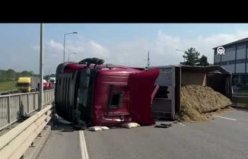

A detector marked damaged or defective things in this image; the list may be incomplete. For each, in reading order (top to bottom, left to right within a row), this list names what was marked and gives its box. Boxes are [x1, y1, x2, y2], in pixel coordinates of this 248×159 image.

overturned red truck [54, 57, 159, 128]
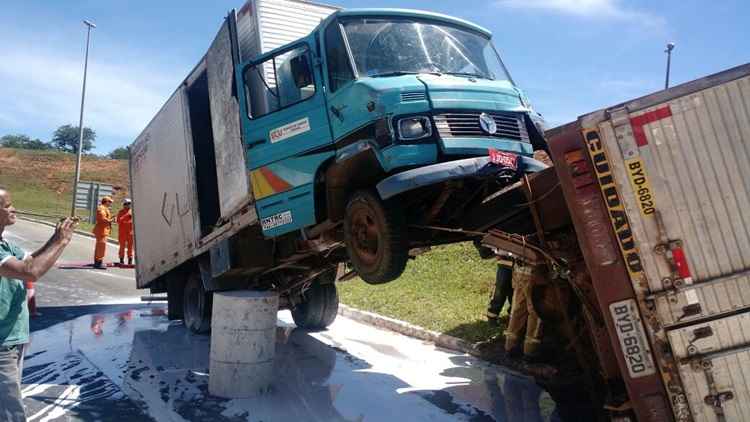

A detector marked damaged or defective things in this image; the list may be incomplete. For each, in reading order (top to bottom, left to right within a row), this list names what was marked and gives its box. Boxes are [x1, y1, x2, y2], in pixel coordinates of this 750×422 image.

overturned container truck [132, 0, 548, 332]
damaged truck cab [239, 7, 548, 284]
shattered windshield [340, 17, 512, 81]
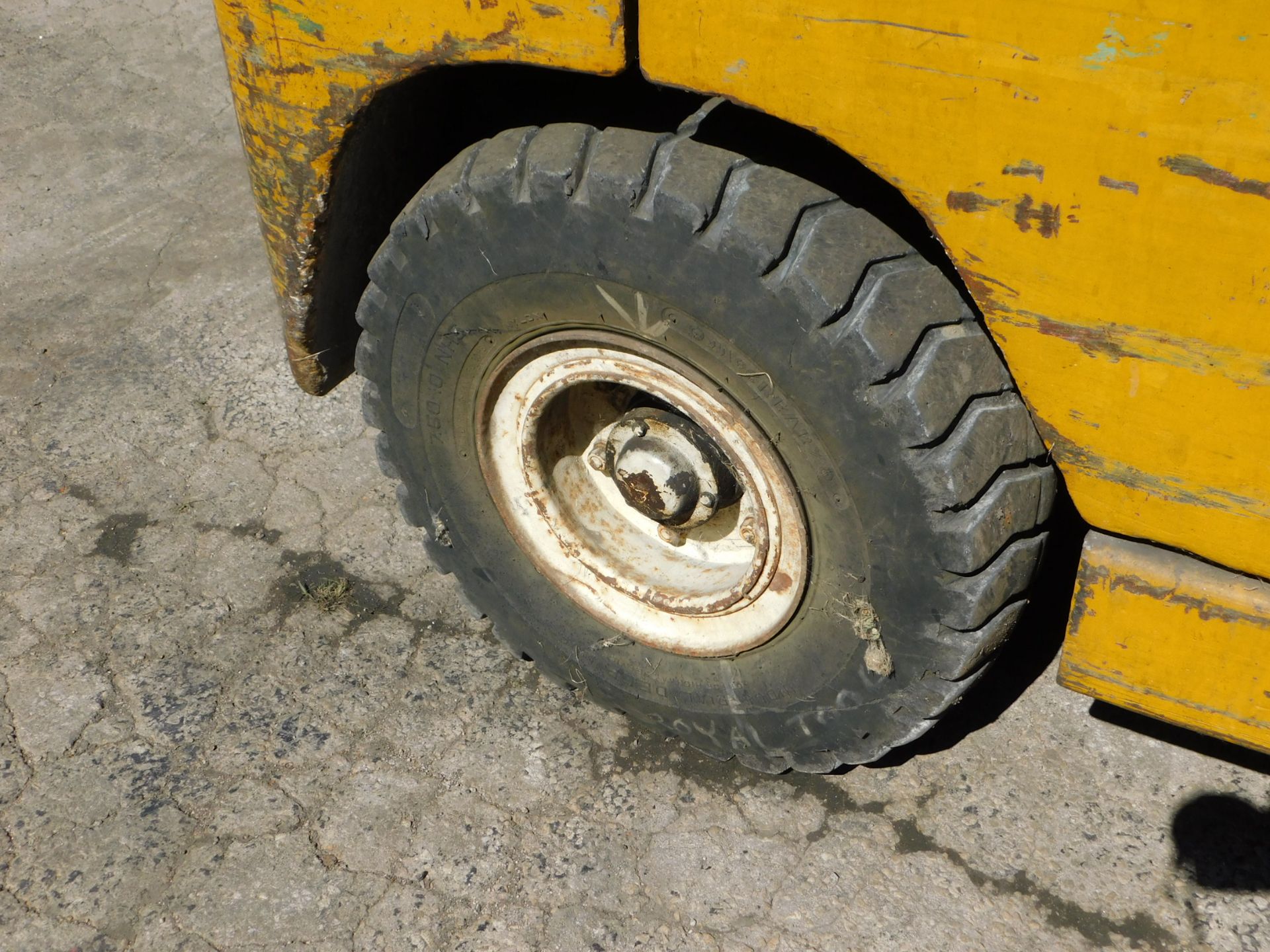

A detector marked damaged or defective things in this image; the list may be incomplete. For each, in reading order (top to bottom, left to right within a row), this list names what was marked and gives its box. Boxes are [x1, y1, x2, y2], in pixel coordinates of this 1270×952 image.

chipped yellow paint [216, 0, 627, 391]
rust stain [947, 189, 1005, 212]
rust stain [1000, 160, 1042, 180]
rust stain [1011, 194, 1064, 237]
rust stain [1095, 173, 1138, 194]
rust stain [1159, 154, 1270, 198]
chipped yellow paint [640, 1, 1270, 579]
rusty wheel hub [471, 329, 810, 656]
chipped yellow paint [1064, 532, 1270, 756]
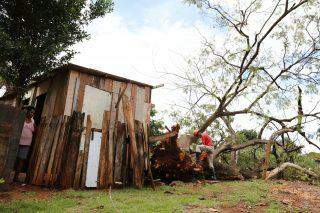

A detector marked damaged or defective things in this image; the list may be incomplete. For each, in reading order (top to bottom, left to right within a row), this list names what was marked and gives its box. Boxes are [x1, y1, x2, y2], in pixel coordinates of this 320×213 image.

damaged structure [0, 62, 154, 188]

## [EXERCISE PROMPT]
Would you retype the lines from the line containing "this 1270×952 image." to the final line of the entries above, exactly as given and without pictures?

## [SOLUTION BELOW]
A detector marked damaged or defective things in this image; the list may be incomplete. For each, in reading order (top to bottom, left to right within a row), this list names what was marked and gives its box. Boxes are [x1, y1, x2, y2], in pixel coordinates of this 1270×952 image.

chipped yellow paint [216, 0, 627, 391]
rust stain [947, 189, 1005, 212]
rust stain [1000, 160, 1042, 180]
rust stain [1011, 194, 1064, 237]
rust stain [1095, 173, 1138, 194]
rust stain [1159, 154, 1270, 198]
chipped yellow paint [640, 1, 1270, 579]
rusty wheel hub [471, 329, 810, 656]
chipped yellow paint [1064, 532, 1270, 756]

A detector marked damaged or defective things in this image; the list may be incomplete. For each, in reading order (top to bottom, left to right within a row), this list names what was marked and gives its box. Boxes are [x1, y1, x2, y2], in pixel coordinates of this 320×213 image.

damaged structure [0, 62, 154, 188]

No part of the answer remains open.